UPXed EXE simply leave the memory requirements info in the exe header
  intact. That way you can even tell in the exe header how much heap
  you need at least and how much heap you will use at most.

A non-compressed DISPLAY driver will fail to fit into a small memory
area, and LH / DEVICEHIGH can then load low as a fallback. However, this
wastes disk space. An EXE version avoids that. Another option - and I
prefer that one - is to use a compressed COM and check if there is enough
memory dynamically. THEN, simply load DISPLAY TWICE, once HIGH and then
LOW. The loading low will fail if the loading high has worked, because
DISPLAY has a protection against double install.
If you do not like failure without error message, use an UNCOMPRESSED
DISPLAY but STILL allocate the buffers dynamically. Then you avoid the
silent failure which can happen with UPX *and* you still save most of the
disk space because you allocate buffers dynamically!

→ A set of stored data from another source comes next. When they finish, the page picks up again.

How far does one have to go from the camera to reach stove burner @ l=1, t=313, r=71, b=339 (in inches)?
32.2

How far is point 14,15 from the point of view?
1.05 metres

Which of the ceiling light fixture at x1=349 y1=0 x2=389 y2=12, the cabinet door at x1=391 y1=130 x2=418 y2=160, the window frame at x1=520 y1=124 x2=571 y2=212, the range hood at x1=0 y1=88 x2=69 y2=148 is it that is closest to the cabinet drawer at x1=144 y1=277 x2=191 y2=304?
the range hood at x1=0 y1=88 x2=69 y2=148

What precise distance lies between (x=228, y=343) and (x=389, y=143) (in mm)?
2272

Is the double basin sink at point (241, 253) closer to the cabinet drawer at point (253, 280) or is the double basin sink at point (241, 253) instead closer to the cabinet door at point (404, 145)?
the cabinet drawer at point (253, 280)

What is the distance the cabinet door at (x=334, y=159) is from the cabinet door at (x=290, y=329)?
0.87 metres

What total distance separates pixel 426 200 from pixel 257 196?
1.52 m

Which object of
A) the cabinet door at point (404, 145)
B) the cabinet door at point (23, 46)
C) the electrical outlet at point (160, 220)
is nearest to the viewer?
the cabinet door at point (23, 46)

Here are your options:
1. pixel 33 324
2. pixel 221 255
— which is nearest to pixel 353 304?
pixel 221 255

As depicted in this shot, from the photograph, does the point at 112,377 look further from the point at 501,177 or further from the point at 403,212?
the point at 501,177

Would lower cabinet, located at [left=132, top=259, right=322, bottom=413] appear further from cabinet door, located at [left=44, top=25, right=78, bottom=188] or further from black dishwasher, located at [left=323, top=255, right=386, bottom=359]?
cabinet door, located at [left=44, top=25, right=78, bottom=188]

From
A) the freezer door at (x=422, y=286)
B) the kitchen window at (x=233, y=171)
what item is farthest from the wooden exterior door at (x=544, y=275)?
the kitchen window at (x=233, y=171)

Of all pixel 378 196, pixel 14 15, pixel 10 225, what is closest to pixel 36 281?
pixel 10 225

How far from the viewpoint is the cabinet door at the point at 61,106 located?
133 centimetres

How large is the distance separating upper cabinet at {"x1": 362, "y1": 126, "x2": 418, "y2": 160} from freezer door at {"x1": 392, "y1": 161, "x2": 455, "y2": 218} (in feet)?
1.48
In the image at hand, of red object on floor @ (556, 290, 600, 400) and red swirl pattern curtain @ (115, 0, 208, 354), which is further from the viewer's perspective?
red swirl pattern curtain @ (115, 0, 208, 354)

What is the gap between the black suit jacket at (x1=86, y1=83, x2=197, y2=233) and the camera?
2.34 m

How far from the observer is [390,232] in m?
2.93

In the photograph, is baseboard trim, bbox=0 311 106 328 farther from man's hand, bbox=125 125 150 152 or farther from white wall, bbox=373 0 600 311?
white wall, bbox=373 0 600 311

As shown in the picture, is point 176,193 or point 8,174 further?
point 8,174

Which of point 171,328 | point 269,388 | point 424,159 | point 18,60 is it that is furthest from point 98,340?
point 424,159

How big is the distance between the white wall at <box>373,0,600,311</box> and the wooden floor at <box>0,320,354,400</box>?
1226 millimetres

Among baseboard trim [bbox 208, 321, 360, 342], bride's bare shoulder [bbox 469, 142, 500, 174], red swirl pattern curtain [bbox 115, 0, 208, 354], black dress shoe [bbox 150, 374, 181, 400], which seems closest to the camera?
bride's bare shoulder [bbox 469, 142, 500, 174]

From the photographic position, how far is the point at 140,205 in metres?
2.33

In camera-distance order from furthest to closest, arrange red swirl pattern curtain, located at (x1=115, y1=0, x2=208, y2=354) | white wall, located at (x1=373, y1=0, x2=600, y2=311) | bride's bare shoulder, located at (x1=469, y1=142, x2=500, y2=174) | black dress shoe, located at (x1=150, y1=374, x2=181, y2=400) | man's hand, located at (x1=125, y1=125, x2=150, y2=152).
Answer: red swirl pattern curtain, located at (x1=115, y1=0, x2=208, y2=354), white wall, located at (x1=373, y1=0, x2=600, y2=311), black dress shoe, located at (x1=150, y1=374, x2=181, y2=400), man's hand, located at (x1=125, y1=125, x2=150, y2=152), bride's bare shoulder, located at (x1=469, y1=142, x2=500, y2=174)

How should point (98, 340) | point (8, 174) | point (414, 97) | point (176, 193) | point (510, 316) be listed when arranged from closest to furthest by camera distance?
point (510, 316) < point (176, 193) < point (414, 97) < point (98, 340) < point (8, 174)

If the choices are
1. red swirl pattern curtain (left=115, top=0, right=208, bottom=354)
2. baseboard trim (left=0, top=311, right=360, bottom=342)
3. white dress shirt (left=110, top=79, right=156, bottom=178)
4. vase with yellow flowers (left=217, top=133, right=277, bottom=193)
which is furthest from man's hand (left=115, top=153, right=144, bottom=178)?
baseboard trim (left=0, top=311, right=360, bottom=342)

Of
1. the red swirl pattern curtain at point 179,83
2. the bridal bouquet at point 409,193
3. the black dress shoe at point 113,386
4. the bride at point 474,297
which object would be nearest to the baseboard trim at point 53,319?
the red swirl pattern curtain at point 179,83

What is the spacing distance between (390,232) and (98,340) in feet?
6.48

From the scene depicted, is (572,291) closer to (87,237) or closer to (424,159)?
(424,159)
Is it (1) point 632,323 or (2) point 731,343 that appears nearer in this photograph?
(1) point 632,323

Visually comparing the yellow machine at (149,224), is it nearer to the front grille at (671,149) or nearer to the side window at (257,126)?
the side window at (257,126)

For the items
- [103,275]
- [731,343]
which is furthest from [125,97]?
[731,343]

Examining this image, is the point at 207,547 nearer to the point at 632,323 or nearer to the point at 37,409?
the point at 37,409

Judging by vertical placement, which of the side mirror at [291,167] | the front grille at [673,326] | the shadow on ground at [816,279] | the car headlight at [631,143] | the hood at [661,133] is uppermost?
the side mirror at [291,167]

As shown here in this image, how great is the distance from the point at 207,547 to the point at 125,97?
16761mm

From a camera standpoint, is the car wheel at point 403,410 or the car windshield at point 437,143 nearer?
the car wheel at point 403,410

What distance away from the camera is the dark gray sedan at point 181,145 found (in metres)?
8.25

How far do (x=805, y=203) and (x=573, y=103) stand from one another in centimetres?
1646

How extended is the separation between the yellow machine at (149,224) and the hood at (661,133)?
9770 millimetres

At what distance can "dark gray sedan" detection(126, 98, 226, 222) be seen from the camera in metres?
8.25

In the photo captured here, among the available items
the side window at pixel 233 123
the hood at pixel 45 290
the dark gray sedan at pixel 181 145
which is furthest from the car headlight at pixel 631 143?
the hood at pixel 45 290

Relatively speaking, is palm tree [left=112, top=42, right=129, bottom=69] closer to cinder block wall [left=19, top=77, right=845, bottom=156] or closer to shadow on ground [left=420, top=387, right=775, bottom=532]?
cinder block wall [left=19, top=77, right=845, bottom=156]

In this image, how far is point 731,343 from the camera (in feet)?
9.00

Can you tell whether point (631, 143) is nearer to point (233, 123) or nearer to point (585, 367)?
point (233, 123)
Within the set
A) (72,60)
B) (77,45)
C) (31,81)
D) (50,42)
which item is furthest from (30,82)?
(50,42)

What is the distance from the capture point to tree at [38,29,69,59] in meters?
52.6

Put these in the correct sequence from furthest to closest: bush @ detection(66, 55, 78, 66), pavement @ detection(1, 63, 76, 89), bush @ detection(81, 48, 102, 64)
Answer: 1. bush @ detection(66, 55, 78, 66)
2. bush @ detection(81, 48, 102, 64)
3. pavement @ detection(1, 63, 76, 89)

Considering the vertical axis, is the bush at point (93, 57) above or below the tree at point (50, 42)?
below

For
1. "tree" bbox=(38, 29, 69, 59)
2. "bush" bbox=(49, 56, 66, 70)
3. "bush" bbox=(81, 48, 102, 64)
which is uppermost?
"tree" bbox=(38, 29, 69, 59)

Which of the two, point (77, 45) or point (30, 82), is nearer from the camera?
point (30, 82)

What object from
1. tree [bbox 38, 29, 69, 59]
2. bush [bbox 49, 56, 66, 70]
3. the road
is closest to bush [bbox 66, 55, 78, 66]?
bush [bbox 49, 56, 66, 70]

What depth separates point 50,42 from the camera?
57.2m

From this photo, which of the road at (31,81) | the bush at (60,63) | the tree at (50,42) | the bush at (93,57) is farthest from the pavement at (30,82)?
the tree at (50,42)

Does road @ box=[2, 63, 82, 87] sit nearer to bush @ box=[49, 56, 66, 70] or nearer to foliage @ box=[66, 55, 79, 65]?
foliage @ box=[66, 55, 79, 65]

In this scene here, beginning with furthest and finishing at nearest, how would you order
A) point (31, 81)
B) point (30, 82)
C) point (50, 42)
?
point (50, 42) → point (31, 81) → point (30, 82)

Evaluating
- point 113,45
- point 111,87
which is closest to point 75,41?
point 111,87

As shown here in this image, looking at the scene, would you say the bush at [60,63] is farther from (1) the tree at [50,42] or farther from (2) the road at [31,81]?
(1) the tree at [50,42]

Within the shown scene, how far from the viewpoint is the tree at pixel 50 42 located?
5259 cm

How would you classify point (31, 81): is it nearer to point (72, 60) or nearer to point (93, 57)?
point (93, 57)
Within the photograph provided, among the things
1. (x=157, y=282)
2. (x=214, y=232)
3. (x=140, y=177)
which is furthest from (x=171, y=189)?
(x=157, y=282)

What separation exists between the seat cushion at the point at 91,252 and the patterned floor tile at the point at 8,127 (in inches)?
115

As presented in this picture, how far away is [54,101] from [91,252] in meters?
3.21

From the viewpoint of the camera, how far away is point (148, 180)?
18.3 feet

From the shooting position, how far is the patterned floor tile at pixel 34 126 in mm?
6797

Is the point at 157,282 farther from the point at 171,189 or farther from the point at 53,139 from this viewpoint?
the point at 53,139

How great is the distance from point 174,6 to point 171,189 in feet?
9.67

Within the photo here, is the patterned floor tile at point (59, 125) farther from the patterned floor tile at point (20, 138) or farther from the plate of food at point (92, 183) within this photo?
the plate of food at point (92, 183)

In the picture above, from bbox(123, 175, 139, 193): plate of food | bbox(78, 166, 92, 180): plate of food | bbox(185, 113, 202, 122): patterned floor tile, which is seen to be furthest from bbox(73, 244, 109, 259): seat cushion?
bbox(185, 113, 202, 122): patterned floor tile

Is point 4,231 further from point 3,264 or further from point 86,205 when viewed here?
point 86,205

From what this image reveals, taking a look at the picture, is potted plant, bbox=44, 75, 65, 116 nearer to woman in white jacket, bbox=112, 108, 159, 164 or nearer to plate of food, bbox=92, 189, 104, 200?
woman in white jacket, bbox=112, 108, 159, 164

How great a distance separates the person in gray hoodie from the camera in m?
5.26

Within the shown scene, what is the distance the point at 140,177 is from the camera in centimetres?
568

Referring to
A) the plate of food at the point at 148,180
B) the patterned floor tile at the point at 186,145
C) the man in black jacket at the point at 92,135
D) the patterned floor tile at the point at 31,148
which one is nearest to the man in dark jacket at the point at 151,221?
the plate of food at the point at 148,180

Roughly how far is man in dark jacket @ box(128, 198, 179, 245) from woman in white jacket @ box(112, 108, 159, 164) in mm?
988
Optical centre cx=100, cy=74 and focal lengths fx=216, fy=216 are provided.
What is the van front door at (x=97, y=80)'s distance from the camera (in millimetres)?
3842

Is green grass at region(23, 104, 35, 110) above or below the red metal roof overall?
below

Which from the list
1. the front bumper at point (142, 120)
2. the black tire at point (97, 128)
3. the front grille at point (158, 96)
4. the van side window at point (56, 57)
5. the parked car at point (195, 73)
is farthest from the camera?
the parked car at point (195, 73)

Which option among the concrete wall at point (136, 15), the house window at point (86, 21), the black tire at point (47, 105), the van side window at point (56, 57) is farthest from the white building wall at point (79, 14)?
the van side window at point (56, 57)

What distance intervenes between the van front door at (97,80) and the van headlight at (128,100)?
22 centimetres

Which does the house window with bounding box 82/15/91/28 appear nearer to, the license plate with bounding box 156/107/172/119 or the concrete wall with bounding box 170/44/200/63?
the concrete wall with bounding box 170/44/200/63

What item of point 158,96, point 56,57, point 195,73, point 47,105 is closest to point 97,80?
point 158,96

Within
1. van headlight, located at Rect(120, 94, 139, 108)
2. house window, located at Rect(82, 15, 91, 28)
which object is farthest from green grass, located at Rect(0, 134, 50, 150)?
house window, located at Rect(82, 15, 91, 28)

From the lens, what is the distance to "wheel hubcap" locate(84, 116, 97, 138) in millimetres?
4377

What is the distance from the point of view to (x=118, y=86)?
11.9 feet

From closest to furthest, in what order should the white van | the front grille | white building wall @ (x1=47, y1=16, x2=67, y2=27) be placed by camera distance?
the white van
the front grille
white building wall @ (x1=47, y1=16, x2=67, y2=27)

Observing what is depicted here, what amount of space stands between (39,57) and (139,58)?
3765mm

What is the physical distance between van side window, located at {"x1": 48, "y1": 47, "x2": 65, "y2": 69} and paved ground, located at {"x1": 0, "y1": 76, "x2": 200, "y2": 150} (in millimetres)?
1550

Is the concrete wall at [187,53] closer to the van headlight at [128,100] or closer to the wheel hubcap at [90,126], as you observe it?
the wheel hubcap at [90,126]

The latter suggestion is especially important if you want to make
DISPLAY a real DEVICE. Other than an EXE (with heap specification in
the header), the SYS would have to be an huge file, 60k or something,
unless you allocate the buffers dynamically.

However, I read your recommended reading about NLSFUNC, and there is
no imperative need that DISPLAY would be a device anyway.

NLSFUNC in a nutshell:
1. COUNTRY... tells kernel about country, hardware codepage, country file
2. you load DISPLAY which can load codepages into video hardware
3. you load KEYB which can process codepages for keyboard
4. you load PRINTER which can process fonts / char substitution to support
   codepages for printers
5. you optionally load other codepage stuff
6. you load NLSFUNC
7. you do CHCP. CHCP sends a codepage change request to the kernel. The
   kernel asks NLSFUNC to analyze the codepage file. NLSFUNC uses int 2f.12
   file I/O to read the file and sends back info to the kernel.
8. the kernel is happy and asks NLSFUNC to spread the word. NLSFUNC surfs
   the DEVICE list and tells all DEVICES which support the IOCTL about the
   codepage change. It also tells DISPLAY and PRINTER but not KEYB.
9. DISPLAY tells KEYB about the change and changes the hardware font. To
   be able to do so, you have to have run MODE CON CP PREPARE... before, to
   send the font data from CPI/CPX to DISPLAY.

No idea why this nutty scheme was invented but I guess we have to stick to
most of it. Without NLSFUNC, you can:
- use MODE CON CP SELECT to update DISPLAY / KEYB status
- use COUNTRY to select country settings from currently kernel-builtin tables
- tell KEYB directly about settings at startup
But you cannot tell the kernel to update the codepage that way, nor can you
tell PRINTER. So in THAT case, you have to tell the kernel that the hardware
codepage would be the codepage which you trigger later in DISPLAY and live in
half-sane state until you actually load DISPLAY and run MODE.
I think the kernel does not even have codepage selection yet, because the
tables would be too big without an external country sys file. So you only
have the ability to set NLS info by country code yet.

As you can see, NLSFUNC is a lot of glue code, a device chain surfer and
a country sys file parser. Would be cool if somebody would volunteer to
start working on it ;-).

Eric.

PS: This was "kernel problems and problem loading high DISPLAY" on
freedos-kernel before. But I think it is not a kernel problem.

PPS: UPX does NOT try to enlarge the memory block for COM. It just
checks if it IS already big enough. For SYS, it does not check anything
at all because only AFTER decompression the driver gets TOLD how big
the memory block is and is then allowed to SHRINK it.